Baby Steps to Real Food

But you don't have to go straight from Subway sandwiches, Ritz crackers, Golden Grahams, Fruit Roll-ups, and Ben and Jerry's to home-cooked.  Take it in baby steps:


  • Figure out what's in the your food. Start looking at the labels and if you can't pronounce an ingredient or an ingredient doesn't look like a food (meat/dairy product/vegetable/fruit/nut/seed/spice), put it back on the shelf. 
  • Cut back on eating food that comes in packages, pre-made, or from restaurants.  
    • Try making the simple stuff like roasted chicken (takes literally salt, pepper, and 10min or less of your fussing and an hour of roasting) and cutting your own veggies (or buy a food processor for ease).  

    • Buy a slow cooker and make your meals for days at one time.  You're already saving money and getting more for your money--plus, you're already eating healthier because your home-cooked food doesn't need chemical preservatives and you can control everything you put in it. 




  • Take it to the next level and start cooking and preparing more of your meals at home.  
    • Start with breakfast: eggs, veggies, and fruit takes 15min or less, is cheaper than that box of cereal and milk, and gives you longer lasting fullness and energy than that sugar bomb (yes, that even goes for Grape Nuts, check them on the glycemic index--the more processed, the more it burns through your body like pure sugar).  






    • Making your lunch is cheaper than buying it.  Lunch is a great time for leftovers.
 
    • And dinners you cook will be more rewarding and taste better than those you can grab on the go.  Plus, if you use a slow cooker or make your meal ahead of time, your end of day prep and cooking is much more manageable. 


  • Take a moment to assess the effects of your changes.  How do you feel after eating real food you make yourself?  How do you feel after having packaged, pre-made, or restaurant food?  I'm betting you'll notice a difference!
  • Finally, once you've mastered the basic meals, try getting creative and branching out with more complex recipes if you feel like it.  There is nothing wrong with simplicity, but variety is also a good thing :)

Now do you feel like Bill Murray in What About Bob screaming, "I'm sailing!" only yours is "I'm Cooking!"?

Hope you can make these changes in your life too! :)

Wednesday, September 7, 2011

DIY Food Adventure: Slow Cooker Carnitas with Confetti Slaw

My CrossFit gym is embarking on a new kind of challenge, simply cooking and preparing your own food called the DIY Food Adventure.

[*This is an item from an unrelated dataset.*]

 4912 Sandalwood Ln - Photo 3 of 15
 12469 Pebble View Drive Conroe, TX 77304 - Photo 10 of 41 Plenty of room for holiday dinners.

So starting today, I am going to try to cook/prepare all my food--which is certainly going to be a tough one when I am moving this coming weekend.  But trying is an important step--despite that annoying Yoda quote my husband always throws at me: "Do or do not; there is no try."  To me there is a try with the intention of doing--it just doesn't always make it.  And with food, the LAST thing you want to do is beat yourself up over every transgression from your ideal.  Live your life and try your best.  My parents used to never get mad at me if I screwed up a test or grade in school as long as I "tried my best."  And we all know when we have really "tried our best" and when we haven't.  

The Prep

Sunday was the mega grocery shopping trip, spending about $150 at New Leaf, our local, better version of Whole Foods.  That bought us a slew of produce (I missed the farmer's market this weekend) and a 7.43# slab of pork shoulder roast for carnitas.  We also have store-bought eggs that are best for hard-boiling (I've tried the fresh ones and they just aren't as easy to peel or hold together as the shelved varieties with a little more age on them).  Finally, we bought whole chickens to roast for lunches and dinner that night.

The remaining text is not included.